══ MATERIAL PROVIDED ══
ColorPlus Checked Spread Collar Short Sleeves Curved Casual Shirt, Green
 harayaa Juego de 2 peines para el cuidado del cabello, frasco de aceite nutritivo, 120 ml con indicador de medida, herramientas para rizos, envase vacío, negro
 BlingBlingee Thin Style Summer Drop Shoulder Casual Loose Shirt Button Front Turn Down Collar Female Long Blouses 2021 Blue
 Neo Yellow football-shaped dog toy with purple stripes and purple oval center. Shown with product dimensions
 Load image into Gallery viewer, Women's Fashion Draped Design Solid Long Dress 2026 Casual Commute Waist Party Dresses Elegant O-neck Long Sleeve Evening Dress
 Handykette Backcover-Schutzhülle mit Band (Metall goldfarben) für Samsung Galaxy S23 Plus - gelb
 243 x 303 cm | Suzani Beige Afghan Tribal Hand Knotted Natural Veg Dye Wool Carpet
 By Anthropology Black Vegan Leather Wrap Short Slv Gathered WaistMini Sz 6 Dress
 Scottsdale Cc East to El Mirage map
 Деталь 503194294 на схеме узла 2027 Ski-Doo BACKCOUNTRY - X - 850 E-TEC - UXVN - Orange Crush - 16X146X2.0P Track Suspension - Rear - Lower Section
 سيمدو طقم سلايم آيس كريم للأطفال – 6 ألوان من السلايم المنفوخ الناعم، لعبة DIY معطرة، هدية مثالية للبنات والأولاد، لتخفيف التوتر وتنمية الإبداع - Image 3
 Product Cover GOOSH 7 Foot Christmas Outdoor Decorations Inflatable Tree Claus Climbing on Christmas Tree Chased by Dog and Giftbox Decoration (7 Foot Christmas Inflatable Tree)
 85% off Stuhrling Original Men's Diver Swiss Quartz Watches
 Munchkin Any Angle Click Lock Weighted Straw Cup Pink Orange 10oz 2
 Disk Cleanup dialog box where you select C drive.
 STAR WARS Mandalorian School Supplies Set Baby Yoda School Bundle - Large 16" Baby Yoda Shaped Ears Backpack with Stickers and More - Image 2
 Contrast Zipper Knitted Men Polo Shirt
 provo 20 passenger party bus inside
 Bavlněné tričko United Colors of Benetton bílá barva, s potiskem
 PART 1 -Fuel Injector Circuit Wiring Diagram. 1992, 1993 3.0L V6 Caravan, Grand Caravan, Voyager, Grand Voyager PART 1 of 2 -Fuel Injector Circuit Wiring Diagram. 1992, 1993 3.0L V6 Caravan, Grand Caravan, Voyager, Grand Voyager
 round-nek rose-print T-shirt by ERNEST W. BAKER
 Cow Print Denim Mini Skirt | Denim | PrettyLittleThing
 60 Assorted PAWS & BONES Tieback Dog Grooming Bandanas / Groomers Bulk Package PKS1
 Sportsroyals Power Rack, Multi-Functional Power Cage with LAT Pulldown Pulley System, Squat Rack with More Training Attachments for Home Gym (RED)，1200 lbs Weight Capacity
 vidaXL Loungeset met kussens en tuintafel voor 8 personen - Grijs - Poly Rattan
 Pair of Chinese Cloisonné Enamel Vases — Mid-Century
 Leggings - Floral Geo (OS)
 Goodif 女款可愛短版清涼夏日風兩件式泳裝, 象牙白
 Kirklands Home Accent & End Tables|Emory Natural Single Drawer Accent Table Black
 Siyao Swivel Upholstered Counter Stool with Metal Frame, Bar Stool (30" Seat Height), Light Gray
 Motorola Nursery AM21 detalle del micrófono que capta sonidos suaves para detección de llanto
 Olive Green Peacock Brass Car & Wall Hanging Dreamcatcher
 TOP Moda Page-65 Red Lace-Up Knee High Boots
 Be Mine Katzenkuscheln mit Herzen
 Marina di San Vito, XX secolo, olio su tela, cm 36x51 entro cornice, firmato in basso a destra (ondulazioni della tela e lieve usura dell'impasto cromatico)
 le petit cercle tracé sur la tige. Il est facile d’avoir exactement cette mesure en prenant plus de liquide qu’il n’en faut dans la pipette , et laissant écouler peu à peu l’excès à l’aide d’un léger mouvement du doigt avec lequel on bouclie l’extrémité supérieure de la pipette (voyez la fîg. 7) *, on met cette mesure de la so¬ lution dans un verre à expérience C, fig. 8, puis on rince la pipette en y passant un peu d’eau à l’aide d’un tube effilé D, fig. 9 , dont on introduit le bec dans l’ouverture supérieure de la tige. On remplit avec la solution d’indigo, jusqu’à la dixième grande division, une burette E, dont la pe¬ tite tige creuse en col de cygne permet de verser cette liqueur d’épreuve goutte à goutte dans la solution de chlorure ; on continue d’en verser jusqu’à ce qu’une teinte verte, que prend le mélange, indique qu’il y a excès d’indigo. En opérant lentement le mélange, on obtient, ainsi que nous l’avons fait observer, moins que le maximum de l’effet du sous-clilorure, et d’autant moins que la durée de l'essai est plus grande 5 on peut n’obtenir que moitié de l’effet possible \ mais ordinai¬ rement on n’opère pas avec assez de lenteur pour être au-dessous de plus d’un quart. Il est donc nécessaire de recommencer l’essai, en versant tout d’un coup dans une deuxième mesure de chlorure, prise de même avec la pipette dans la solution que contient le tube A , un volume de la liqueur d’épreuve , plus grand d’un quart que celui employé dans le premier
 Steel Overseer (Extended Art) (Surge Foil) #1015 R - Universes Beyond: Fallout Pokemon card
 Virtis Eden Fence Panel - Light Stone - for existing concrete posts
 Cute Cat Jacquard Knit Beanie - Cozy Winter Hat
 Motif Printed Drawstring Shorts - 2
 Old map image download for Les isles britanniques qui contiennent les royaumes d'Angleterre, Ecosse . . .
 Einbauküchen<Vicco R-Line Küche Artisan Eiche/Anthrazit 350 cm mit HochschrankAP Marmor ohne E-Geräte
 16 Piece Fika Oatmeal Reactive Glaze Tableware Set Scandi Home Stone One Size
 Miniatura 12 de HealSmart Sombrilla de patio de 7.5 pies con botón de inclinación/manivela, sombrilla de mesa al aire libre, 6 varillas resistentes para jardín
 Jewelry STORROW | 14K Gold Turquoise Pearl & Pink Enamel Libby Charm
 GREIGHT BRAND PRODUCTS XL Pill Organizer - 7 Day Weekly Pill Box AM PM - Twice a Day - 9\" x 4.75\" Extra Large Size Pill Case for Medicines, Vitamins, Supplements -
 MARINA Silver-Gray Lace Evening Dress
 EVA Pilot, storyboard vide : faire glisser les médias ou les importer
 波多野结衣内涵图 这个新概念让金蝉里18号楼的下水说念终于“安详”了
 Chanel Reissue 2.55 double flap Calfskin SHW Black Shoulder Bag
═══
» **EXERCISE DIRECTIONS**:
Starting at the line that has "Load image into" in the records above, restate word for word every line until the one that has "Disk Cleanup dialog", and include that one as well.

» **EXERCISE RESPONSE**:
 Load image into Gallery viewer, Women's Fashion Draped Design Solid Long Dress 2026 Casual Commute Waist Party Dresses Elegant O-neck Long Sleeve Evening Dress
 Handykette Backcover-Schutzhülle mit Band (Metall goldfarben) für Samsung Galaxy S23 Plus - gelb
 243 x 303 cm | Suzani Beige Afghan Tribal Hand Knotted Natural Veg Dye Wool Carpet
 By Anthropology Black Vegan Leather Wrap Short Slv Gathered WaistMini Sz 6 Dress
 Scottsdale Cc East to El Mirage map
 Деталь 503194294 на схеме узла 2027 Ski-Doo BACKCOUNTRY - X - 850 E-TEC - UXVN - Orange Crush - 16X146X2.0P Track Suspension - Rear - Lower Section
 سيمدو طقم سلايم آيس كريم للأطفال – 6 ألوان من السلايم المنفوخ الناعم، لعبة DIY معطرة، هدية مثالية للبنات والأولاد، لتخفيف التوتر وتنمية الإبداع - Image 3
 Product Cover GOOSH 7 Foot Christmas Outdoor Decorations Inflatable Tree Claus Climbing on Christmas Tree Chased by Dog and Giftbox Decoration (7 Foot Christmas Inflatable Tree)
 85% off Stuhrling Original Men's Diver Swiss Quartz Watches
 Munchkin Any Angle Click Lock Weighted Straw Cup Pink Orange 10oz 2
 Disk Cleanup dialog box where you select C drive.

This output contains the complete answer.